Pramudya Ananta Toer, Sastrawan dan bekas tapol dari Pulau Buru, dalam ucapannya sebelum meninggal dunia, yang direkam dalam film dokumen "Shadow Play" mengatakan, "Sampai sekarang tidak jelas berapa jumlahnya yang dibunuh. Soedomo [Kopkamtib] mengatakan 2 juta yang dibunuh, Sarwo Edhie [RPKAD] mengatakan 3 juta yang dibunuh. Yang jelas tidak ada yang tahu sampai sekarang." Sedang Bertrand Russel, pemikir besar Liberalisme, menyebut pembunuhan massal ini sebagai hal yang amat mengerikan yang mustahil bisa dilakukan oleh manusia. (Perang Urat Syaraf...Kompas 9 Pebruari 2001)
"Dalam empat bulan, manusia yang dibunuh di Indonesia, lima kali dari jumlah korban perang Vietnam selama 12 tahun" ("In four months, five times as many people died in Indonesia as in Vietnam in twelve years," Bertrand Russel, 1966/Kathy Kadane, State News Service, 1990).

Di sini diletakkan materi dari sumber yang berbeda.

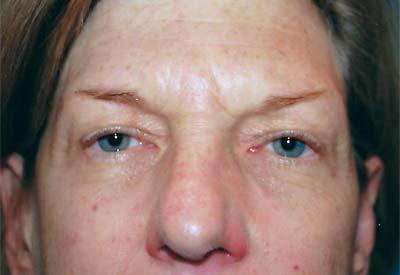 Before Results for Eyelid Surgery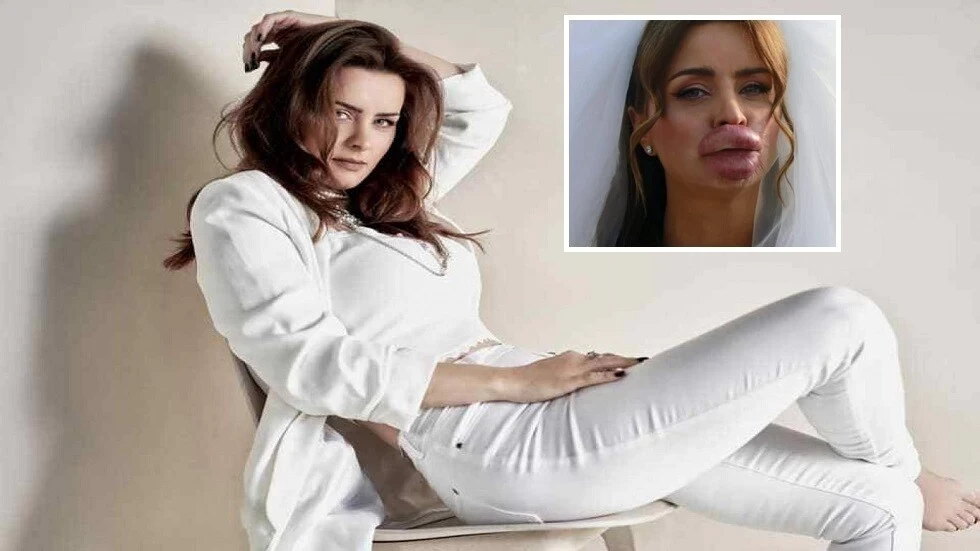 عملية تجميل خاطئة للفنانة نور في فيلم "الدكتور نبيل أخصائى التجميل"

Ratusan ribu manusia-manusia komunis yang tidak sempat dibunuh, ditangkap dan dijadikan tahanan politik. Diseluruh pelosok tanah air dibuat kamp-kamp tahanan untuk menahan orang-orang yang diindikasikan sebagai komunis. Sekitar 12.000 orang dibuang ke pulau Buru sebagai Tapol. Yang lain-lainnya menghuni rumah-rumah tahanan, penjara-penjara, atau kamp-kamp yang sangat tidak memenuhi syarat sebagai tempat tahanan manusia, bahkan juga makanan yang sangat tidak mencukupi, sehingga setelah ditahan bertahun-tahun tanpa proses tidak sedikit yang mati karena lapar. Di samping itu, para tahanan diambil malam hari dan dibawa entah kemana dan dihilangkan, dibunuh tidak tahu dimana kuburnya.

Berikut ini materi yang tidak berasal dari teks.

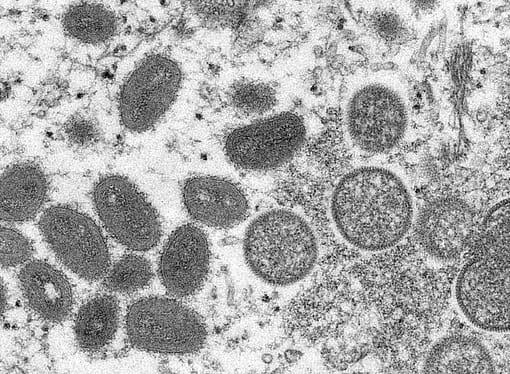 Belgium Initiates 21 Day Quarantine For Those With Monkeypox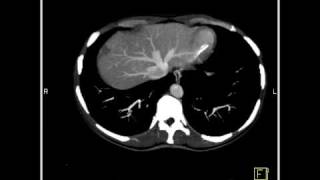 Abdomen Liver Cavernous Hemangioma of the Liver9 of 9 [upl. by Arel587]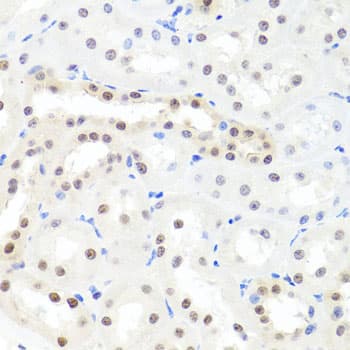 HNRNPCL1 Antibody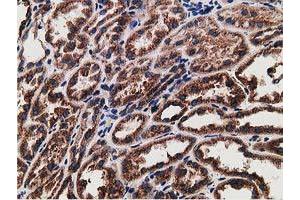 Immunohistochemical staining of paraffin-embedded Human Kidney tissue using anti-LMAN1 mouse monoclonal antibody. (LMAN1 antibody)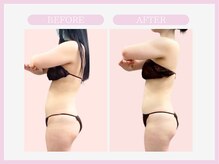 スリムライン 仙台店(The Slim Line)/before→after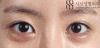 (7328)%EC%A0%84%ED%9B%84-%EC%A0%95%EB%A9%B4.gif?type=w773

Seorang staf Kedubes AS, Josepf Lazarsky, Kepala Perwakilan Stasiun CIA di Jakarta, yang datang ke Kostrad dan melihat begitu banyak manusia yang menjadi tahanan, dan bertanya pada Soeharto tentang proses hukumnya. Jawabnya singkat, "siapa nantinya yang akan memberi makan mereka?" (Jenderal Soeharto Menuju Tahta kekuasaan-http://www.progind.net/modules/wfsection/article.php?articleid =76, copied 10/11/2005 dan Maruli Tobing-Kompas 9 Pebruari 2001-Perang Urat Syaraf....)

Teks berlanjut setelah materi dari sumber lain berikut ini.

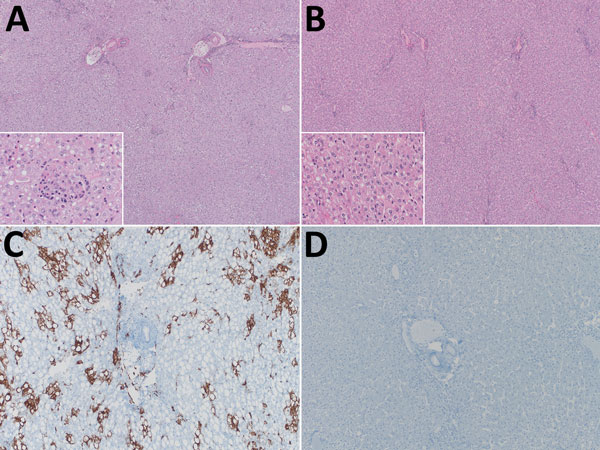 Histologic and in situ hybridization analyses of livers from cynomolgus macaques infected with Lassa virus (LASV) (1 × 104 50% tissue culture infective dose [TCID50]) and treated 1 time daily with favipiravir (treated) or vehicle only (control). A–B) Histologic analyses. A) Control, showing multifocal neutrophilic infiltrates with hepatocyte necrosis and degeneration (original magnification ×40). Inset shows hepatocyte necrosis (original magnification ×400). B) Treated, showing essentially healt
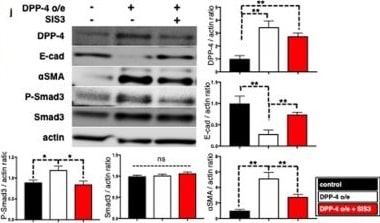 Detection of Mouse Cathepsin B by Western Blot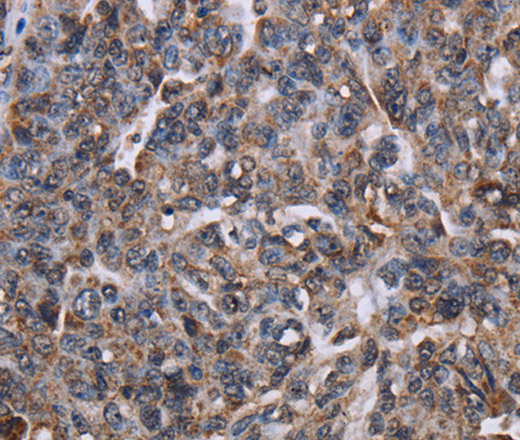 Immunohistochemistry of paraffin-embedded Human ovarian cancer tissue using LDOC1 Polyclonal Antibody at dilution 1:50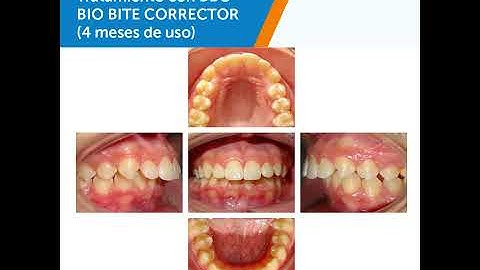 BIO BITE CORRECTOR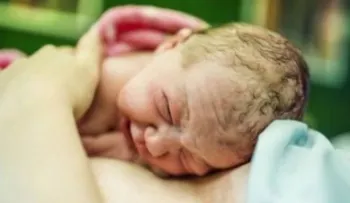 5 cosas que debes saber sobre el parto por cesárea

Dan ini, tidak bisa tidak akan berarti bahwa memang sudah niat Soeharto untuk melenyapkan, membunuh orang-orang Komunis yang dapat ditahan, sejalan dengan daftar 5000 orang tokoh dan kader PKI yang mesti dihabisi, yang menurut Cathy Kadane, wartawati Amerika yang mengungkap rahasia ini, disusun oleh Robert J Marten, mantan staf seksi politik di Kedubes AS di Jakarta yang ditugaskan, kemudian diserahkan oleh Edward Master, Kepala Seksi Politik Kedubes AS di Jakarta kepada sekretaris Adam Malik yang selanjutnya disampaikan ke markas Soeharto di Kostrad. Dan setiap saat Kedubes AS selalu mendapat laporan dari markas Jenderal Soeharto mengenai "realisasi" daftar itu.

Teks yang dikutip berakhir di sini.